─── Dataset
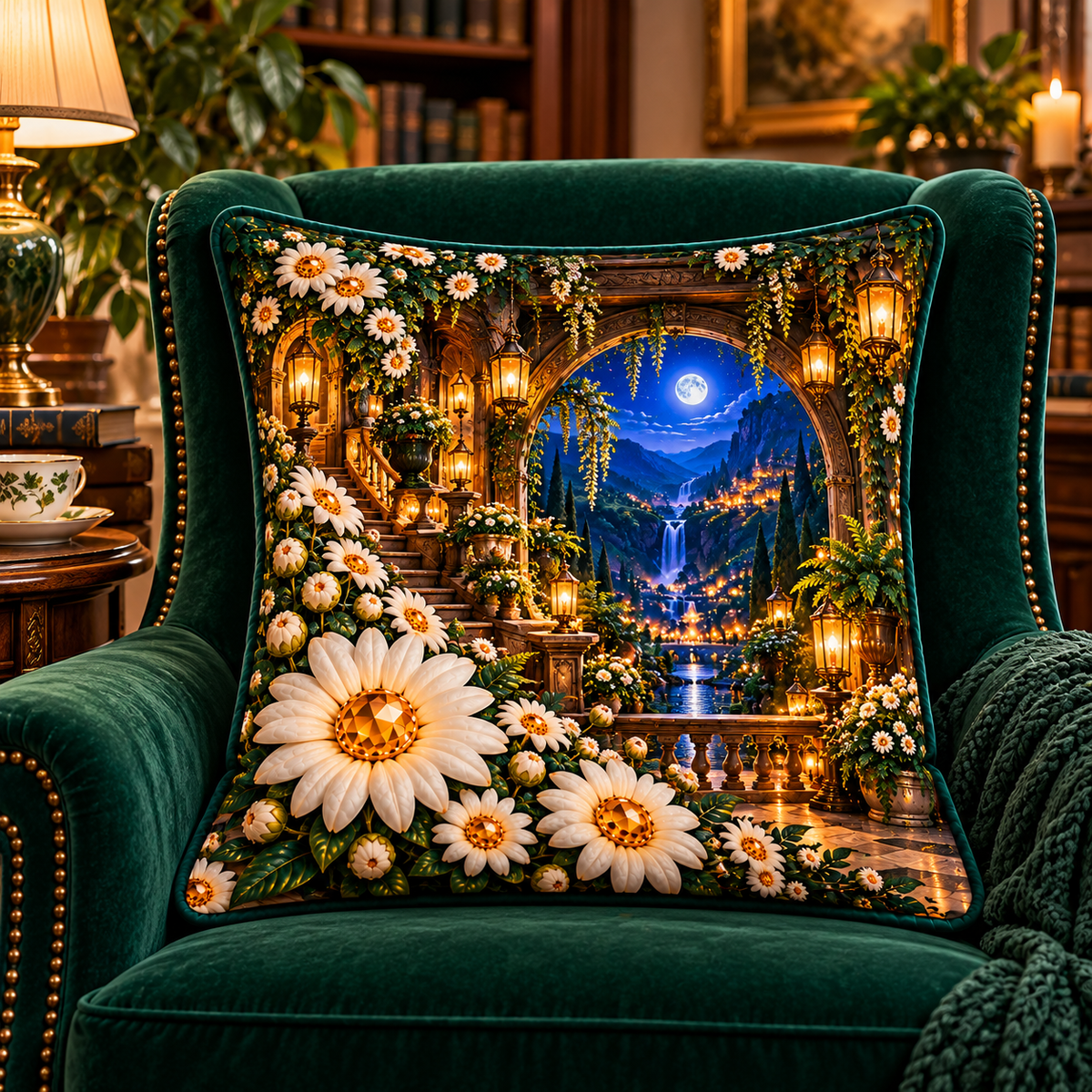 Daisy Moonwell Alcove Quilted Cushion Cover with printed optical 3D artwork in its use setting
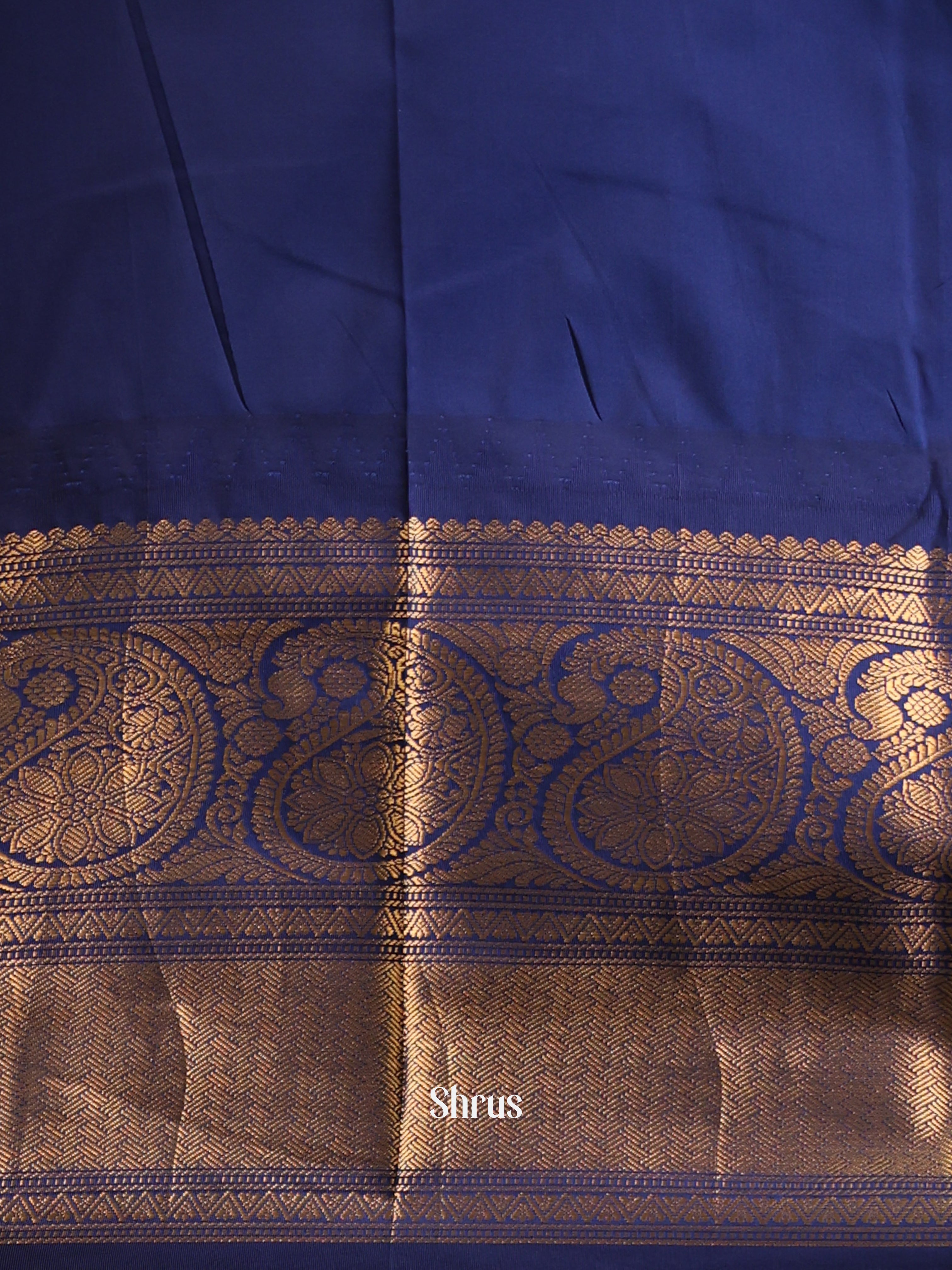 Baby Pink & Blue - Gadwal halfpure Saree - Shop on Shrus.com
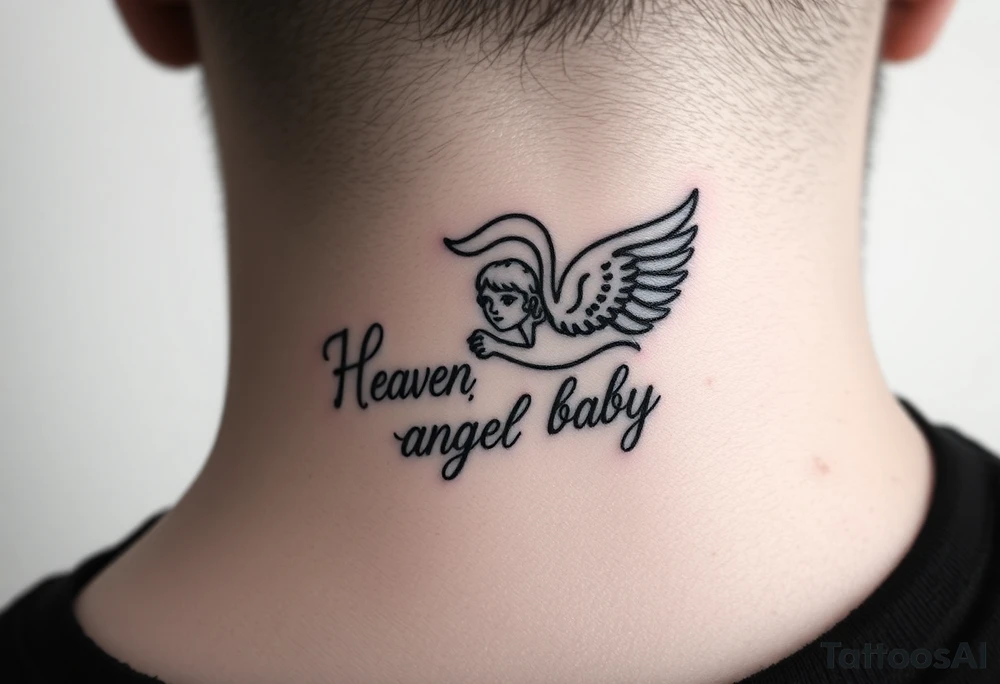 Heaven love theme saying angel baby tattoo idea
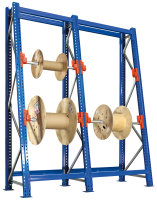 Kabeltrommel-Regal SchräRoll System mit 2 Kabeltrommelachsen, 1500kg Tragkraft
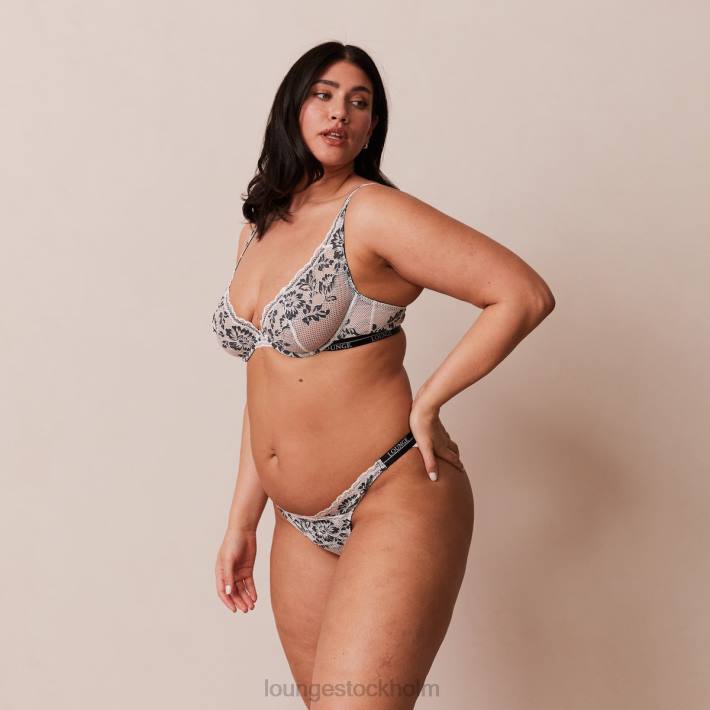 Lounge kvinnor svart underkläder FP6J4 lyxig balkong-bh och stringtrosa/trosa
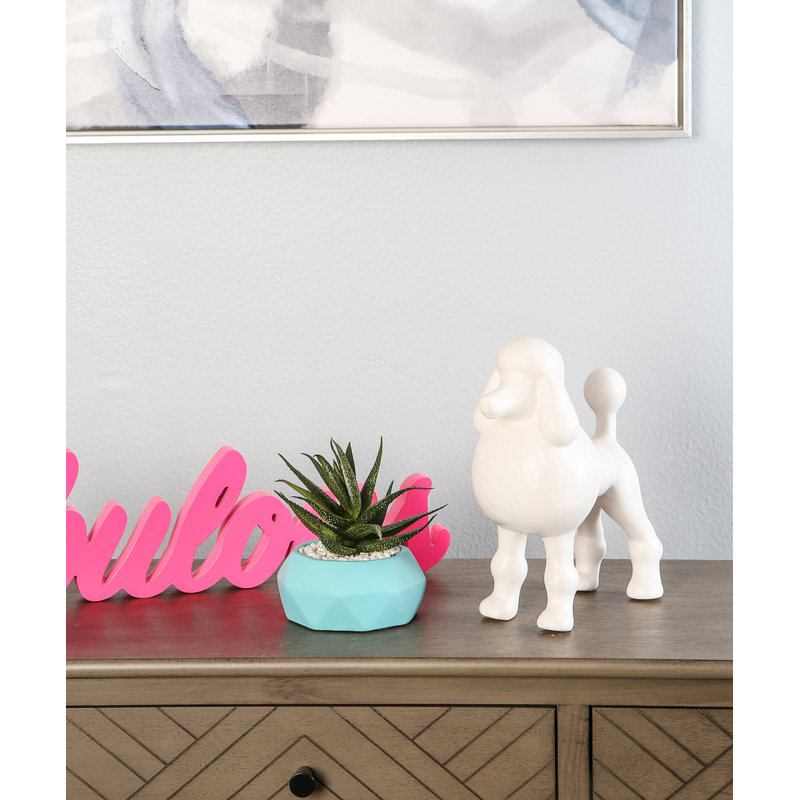 Figurine Rideau, Blanc mat, H 10 po x l 8,74 po x P 4,13 po, Caniche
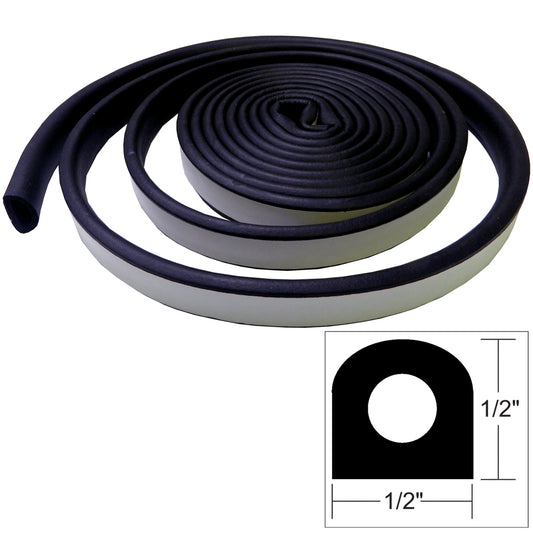 TACO Weather Seal - 10'L x 1/2"W x 1/2"H - Black [V30-0202B10-1] | Accessories by TACO Marine 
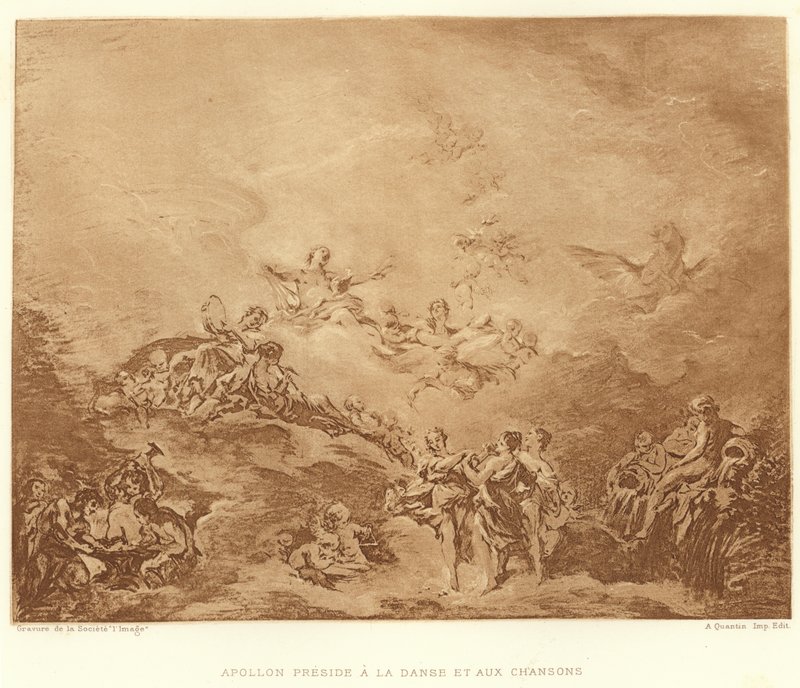 Apollo presiderer ved dans og sanger (gravering) av Francois (after) Boucher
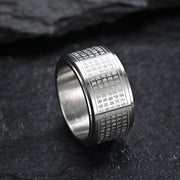 Buddha Stones Chinese Zodiac Natal Buddha Heart Sutra Carved Titanium Steel Calm Rotatable Ring Ring BS 26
──────
▸ **Task**
Any picture in the listing is to be omitted. Return exactly the lines from the one containing "Figurine Rideau, Blanc" through its last line, both included, and only those.

▸ **Your solution**
 Figurine Rideau, Blanc mat, H 10 po x l 8,74 po x P 4,13 po, Caniche
 TACO Weather Seal - 10'L x 1/2"W x 1/2"H - Black [V30-0202B10-1] | Accessories by TACO Marine 
 Apollo presiderer ved dans og sanger (gravering) av Francois (after) Boucher
 Buddha Stones Chinese Zodiac Natal Buddha Heart Sutra Carved Titanium Steel Calm Rotatable Ring Ring BS 26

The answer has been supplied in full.